**EXERCISE AIM:** Every record below should be repeated exactly. Omit the pictures.

====== STORED DATA

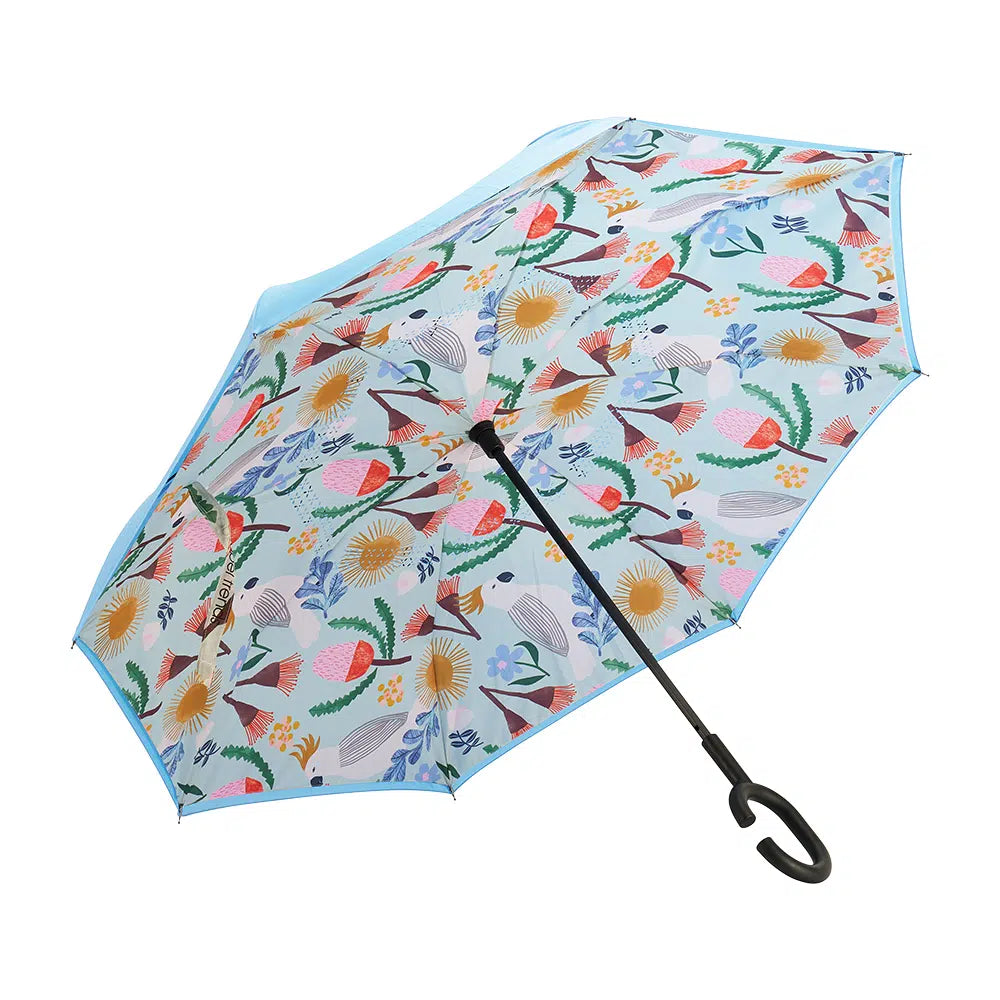 Reverse Umbrella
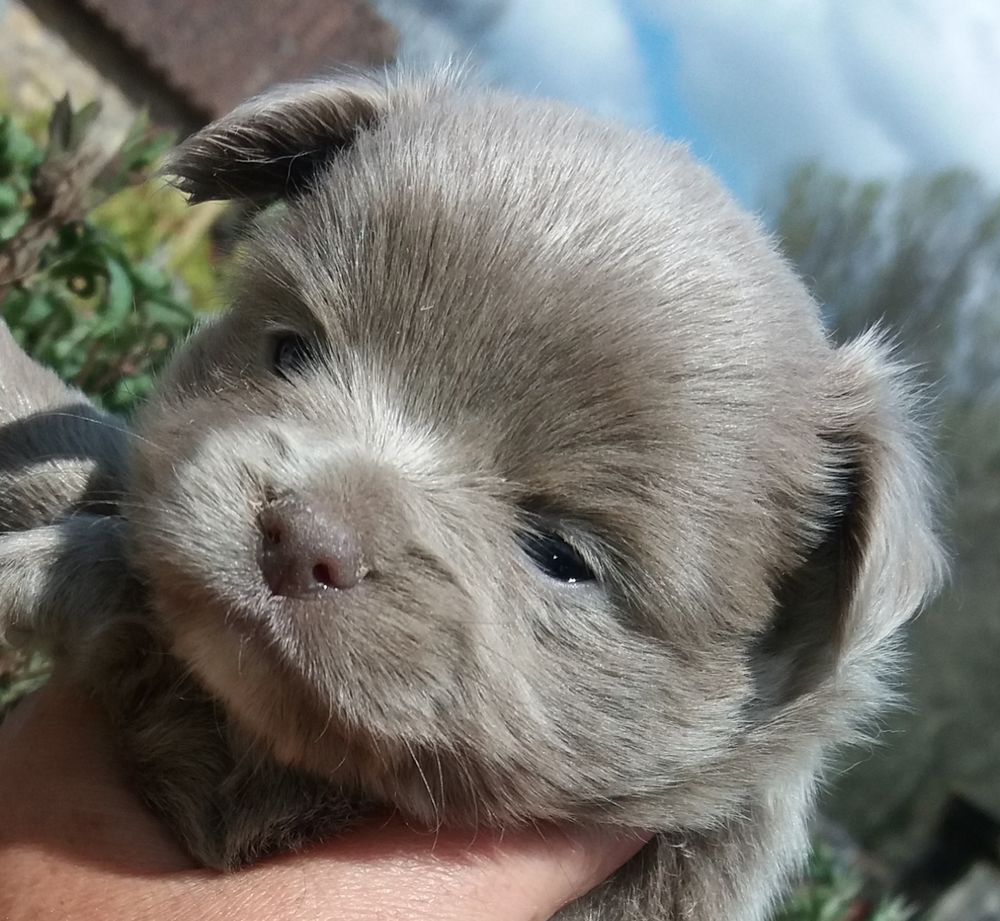 BB Chihuahua de toutes les couleurs 800 24800 Corgnac-sur-l'isle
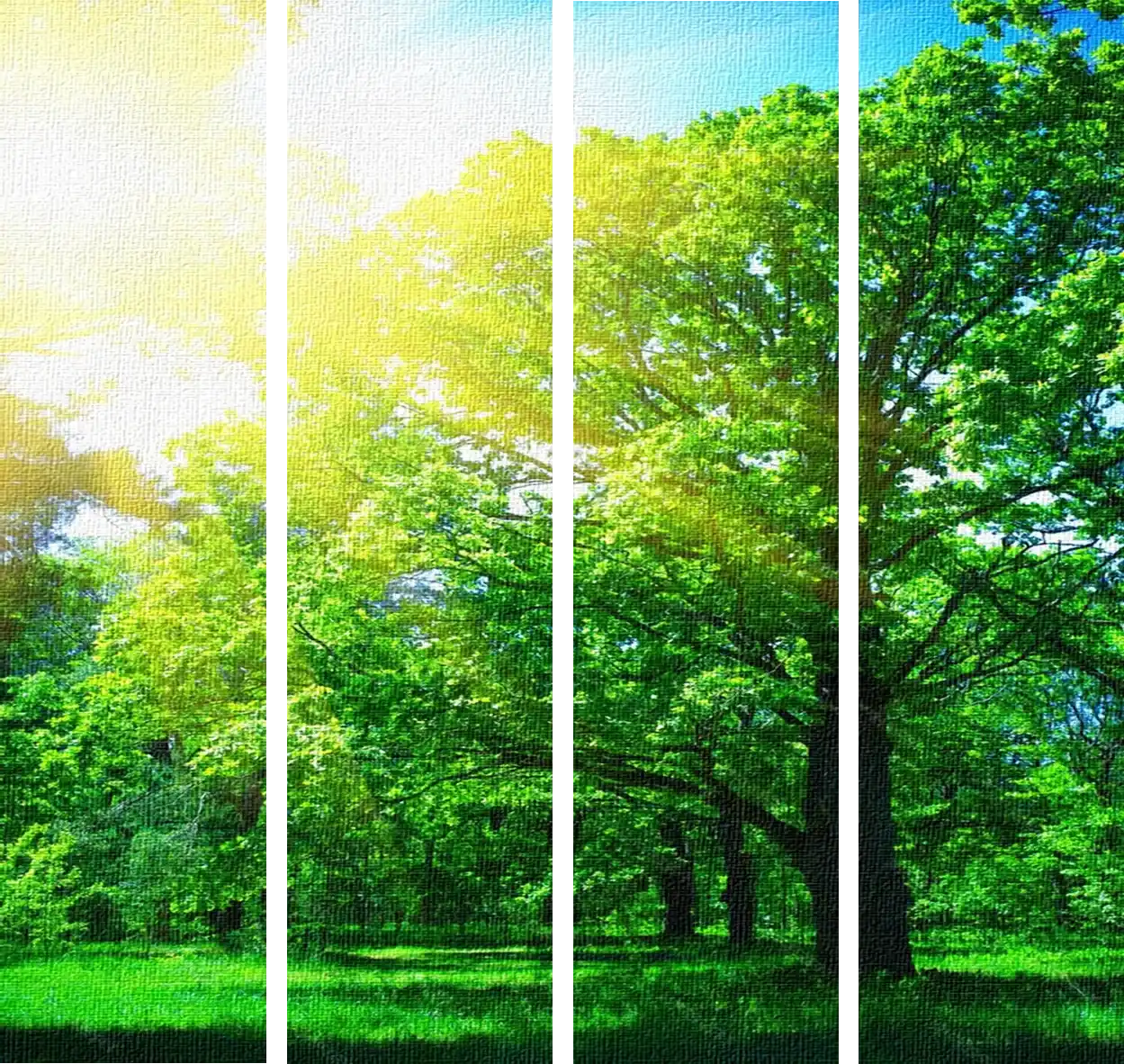 Foto-Mural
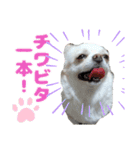 チワワのマシュマロ日常会話1（個別スタンプ：20）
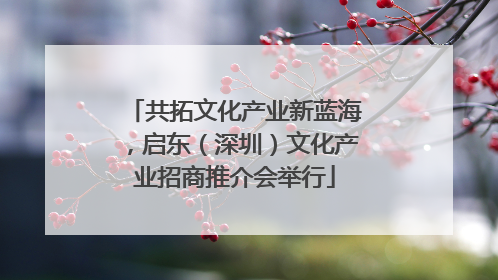 共拓文化产业新蓝海，启东（深圳）文化产业招商推介会举行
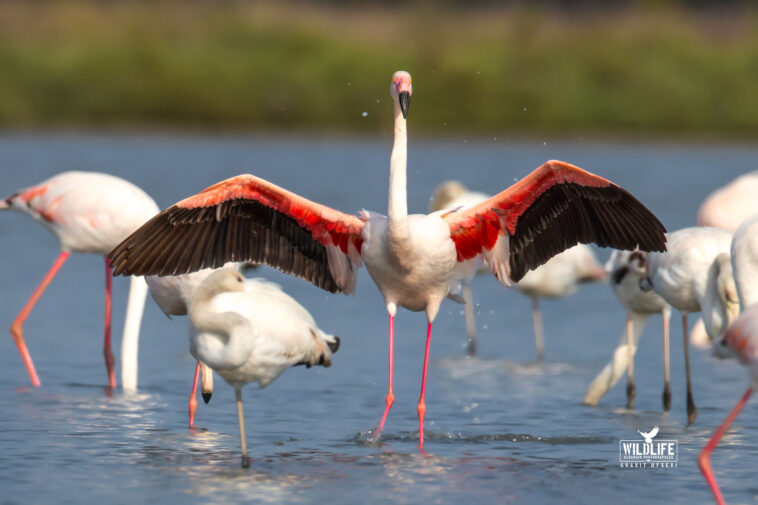 Narta Lagoon, Vlore, Flamingos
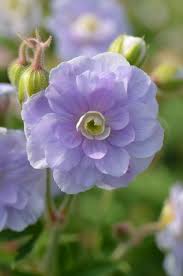 Image result for Geranium `Summer Skies`
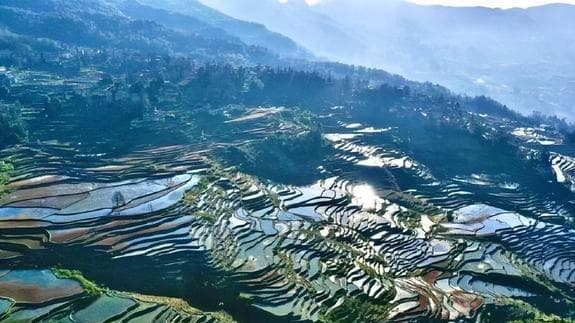 从手抓饭到野生菌：云南5道最具特色的民族美食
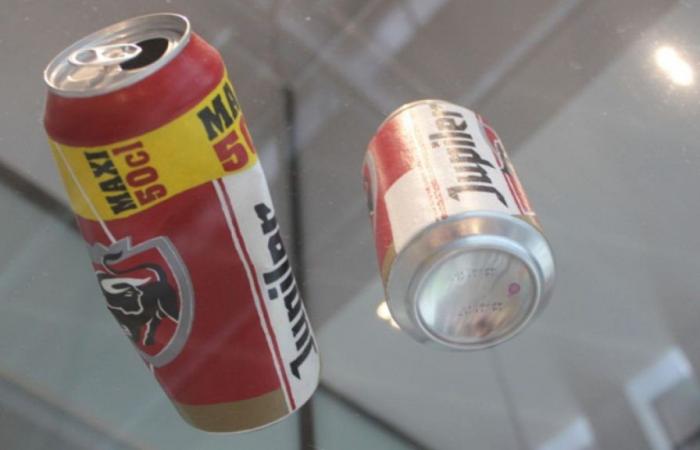 Art or waste? Overzealous employee throws beer can art into trash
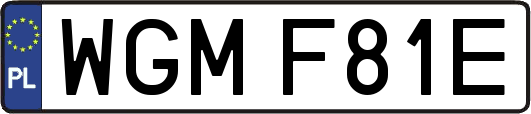 WGMF81E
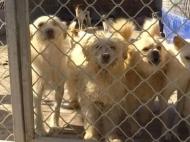 296人因遛狗不拴繩被罰 合肥有望建流浪犬收容中心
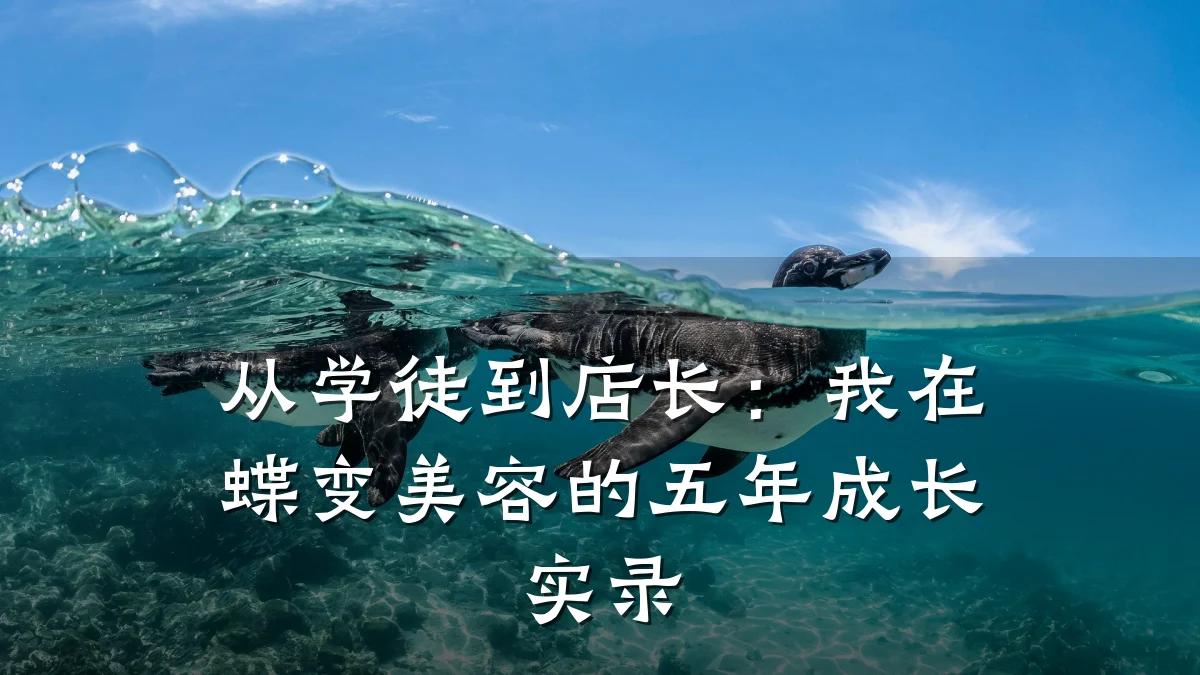 从学徒到店长：我在蝶变美容的五年成长实录
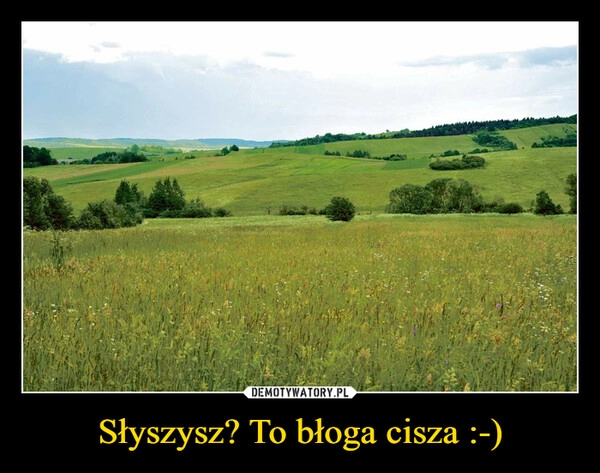 
    Słyszysz? To błoga cisza :-)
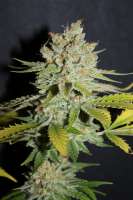 Cannabella Genetics Lemon Cream Pie - ein Foto von CannabellaSeedClub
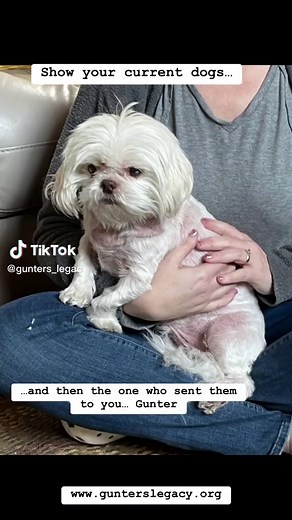 Gunter’s Legacy Animal Rescue #rescuedogs #rescueanimals #rescuedogsoftiktok #rescued #adoptme #adoptdontshop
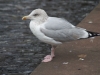 DSC530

============

**RESULT FOR THIS TASK:**
 Reverse Umbrella
 BB Chihuahua de toutes les couleurs 800 24800 Corgnac-sur-l'isle
 Foto-Mural
 チワワのマシュマロ日常会話1（個別スタンプ：20）
 共拓文化产业新蓝海，启东（深圳）文化产业招商推介会举行
 Narta Lagoon, Vlore, Flamingos
 Image result for Geranium `Summer Skies`
 从手抓饭到野生菌：云南5道最具特色的民族美食
 Art or waste? Overzealous employee throws beer can art into trash
 WGMF81E
 296人因遛狗不拴繩被罰 合肥有望建流浪犬收容中心
 从学徒到店长：我在蝶变美容的五年成长实录
    Słyszysz? To błoga cisza :-)
 Cannabella Genetics Lemon Cream Pie - ein Foto von CannabellaSeedClub
 Gunter’s Legacy Animal Rescue #rescuedogs #rescueanimals #rescuedogsoftiktok #rescued #adoptme #adoptdontshop
 DSC530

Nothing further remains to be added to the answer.